Hanne Darboven, to paraphrase the title of Lucy Lippard’s article on her work, is still “deep in numbers.” In the combined spaces of Castelli (downtown) and Sonnabend Galleries she exhibited 24 songs on each floor, each group with its own index. The indexes took up about one wall each, the 24 songs most of the remaining space. The index only lays the process out, the songs fill it in. 24 Songs: Form B, the piece at Sonnabend, is based on 19, the curve of 100. Each index deals with three pairs of number which are 19 units apart; the seventh song for example deals with 8/26, 17/35, and 26/44, the eighth with 9/27, 18/36 and 27/45. Although I cannot explain here what goes on, it is possible to see all kinds of connections throughout the indexes and to begin to figure it out. The most obvious facts in this piece are that Darboven works with the first 24 letters of the alphabet, with the numbers 1–24 and with drawing, a repeating upward stroke like an unending “w” with a line drawn through it horizontally. There is a shifting balance between these three kinds of marking, and in the indexes in particular they alternate, one taking over the other. The alphabet loses out in the songs themselves and the shifts seem to be between drawing and numbers, with each song tending toward more drawing and the elimination of the numbers. It is as if the index sets up a procedure for each song, which in being carried out completes a circle and returns to the beginning, appearing at the end of each song to be a clear “staff” of sorts.

Regardless of how much can be grasped by persistent scrutiny, you only begin to figure it all out; it is impossible to decipher the piece conceptually within any reasonable length of time. Furthermore, it is impossible to see the entire piece at once either, to grasp any structure visually. You are forced, therefore, to skim through a narrative that cannot be completely followed and which forms a whole that cannot be completely perceived; frame after frame of Darboven’s fine beautiful handwriting, a rhythmic pattern, repeating blocks of letters, numbers and drawing. So you give in, are carried along and left hanging, implying a condescending mysticism: you are never allowed to get through and understand what has happened. The work has an obsessiveness which becomes hermetic and expressionistic, in the uninteresting sense that it seems to be done for the artist’s benefit and no one else’s. LeWitt’s work has sometimes seemed obsessive, but never really obscure because his ideas are single and obvious; the work is accessible. Furthermore, as I indicated in the previous issue, LeWitt’s recent wall drawings have achieved a structure which is more finite and comprehensible than before with a visual clarity which leads one directly into the conceptual nature of the piece. The most accessible sensation in Darboven’s work is the endlessness, the enforced, accumulating obscurity. The piece is actually not endless, but it does not suggest synthesis or concentration; all it does is reflect the activity itself. We remain more involved with Darboven than with the work, with what she does rather than with what the work, free of her, does.
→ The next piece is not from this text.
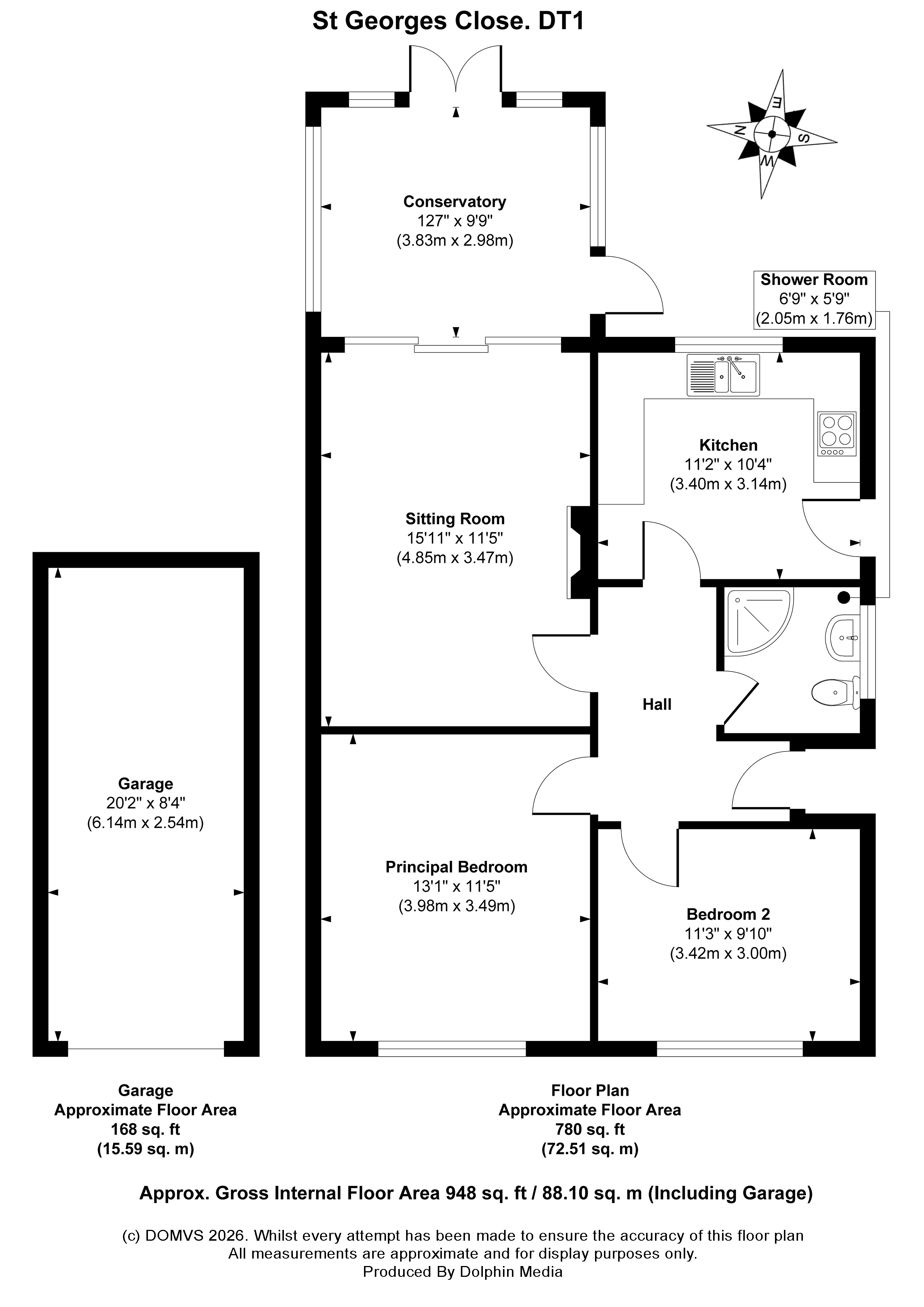 Floorplan for Dorchester, Dorset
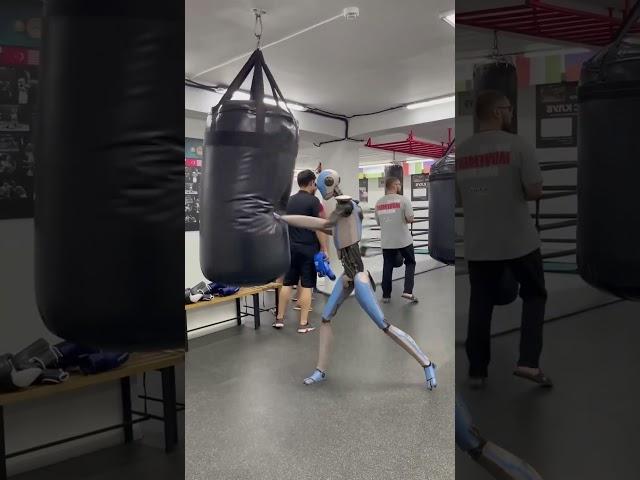 INSANE punching Power From AI Robot Punching A Bag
Lippard’s interesting article on Darboven closed with the suggestion that, whether one likes or understands the processes or not, “the mesmeric sincerity and vigor of Darboven’s work can’t be avoided.” The “sincerity and vigor” are convincing, but I think the work must develop toward a more synthesized, accessible structure. What I find most disturbing about Darboven’s work is not the current lack of development, but the feeling that Darboven may, in fact, be getting exactly what she is after, that the obsession, being local, will not be absorbed or subverted by a larger ambition.